Off you go then, the circuit is yours...
We run two fast laps, I try to push harder, work those Akebono brakes to their maximum potential, but can't quite get where I want to be. I'm still nervous of letting the car move around too much, still repeating to myself '900hp', and sadly, my time's up.
Lucky break
What follows is fortuitous and no doubt fundamentally altered how I now feel about the P1.
We went off to shoot the circuit for the video. We often do that by running backwards and forwards through turns, sometimes straight, sometimes sideways. As I mentioned earlier, this is the best chance to test the preconceived notions of how a car behaves in the conditional tense, and it's often just me and videographer Neil, so I don't have people watching me. In other words, I can practice.
The stability control is easily deactivated in the P1, unlike the 12C. Now you just aim it at a corner with some run-off, and see what happens when you try and provoke a 900hp, mid-engined, two-wheel drive car. And the moment it first broke traction, I just knew it would be fine - all the messages were there. The mass felt contained, the steering responded perfectly and, crucially, I had so much control over the power delivery that I felt completely confident gathering up the slide.
Flames too, in case you weren't sold yet
For the next hour I grew more confident and, without actually realising as much, ended up completely comfortable with the car's responses - pulling great big slides the way I would in a GT3. And of course this broke down that level of fear and trepidation that had slightly tempered those earlier laps.
So I asked McLaren if I might go again, at the end of the session, 11.30pm, and drive on my own. And then the P1 opened itself up as the most extraordinary road car I've driven.
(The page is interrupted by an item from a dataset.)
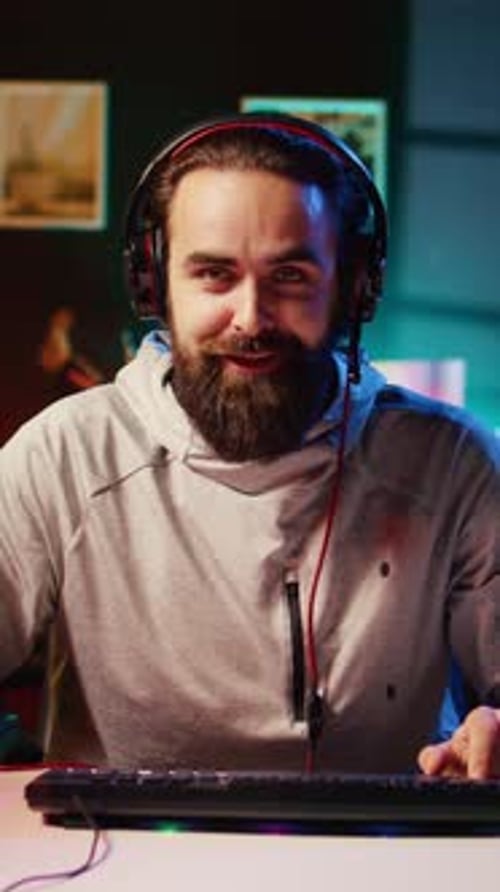 Bearded Man in Headphones Plays Video Games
Fast as hell, accurate and razor sharp if you wanted but willing to accommodate small slip angles on the exit of every turn; vast smoky slides if you so wished.
Brief flicker
Video evidence shows that in the middle of some slides the brake lights flicker - clearly indicating that the car is using some rear brake to replicate the effects of a limited slip differential. On every run, the car laid two black lines. Did I even notice the lack of mechanical LSD? No. Do I need to officially apologise to C Goodwin of McLaren for chewing his ear on the subject? Yes, I do.
Only the tyres expose any limitations
I did one lap in race mode, with the traction control on, and just left my right foot buried on the exit of every turn, relying on the electronics to calm the power as I turned the wheel. It was a new experience. Quarter turns of opposite lock, crazy braking points - a blur of the most intense speed imaginable.
And then I just cut loose, tried to drift everything but the fastest turn. And by the end I had the confidence to back it in into turns, get a slide going with momentum, then catch it with the power and ride it through. If you'd told me that was possible two hours earlier, I'd have laughed at you. You might already have read and seen stuff telling you that the P1 is an unhinged monster. Not in the dry it's not. Maybe in the wet it might be but in the dry I honestly think it's easier to control on, and beyond, the limit than a 12C. That in itself it a stunning achievement by McLaren.
And then there's the noise. From inside it's a blend of unexpurgated turbo porn and flat-plane V8, from the outside it's 12C by a full orchestra. It's angry too. Like the performance itself, the noises are something new; something special.
Chill out zone
Five hours earlier, I'd been rolling outside Abu Dhabi, breezing along at 70mph in full electric mode. The suspension was in comfort mode, the view out and backwards was good, the level of intimidation was as small as the exterior dimensions. The intake and turbocharger noise were invigorating and of course the effect on other people was dramatic. Even in the land of supercars, they stopped and stared. It is easy to dismiss as glib McLaren's claim of being able to drive the P1 to a circuit, destroy everything south of a Porsche 956, and then saunter home again. But that's what it can do.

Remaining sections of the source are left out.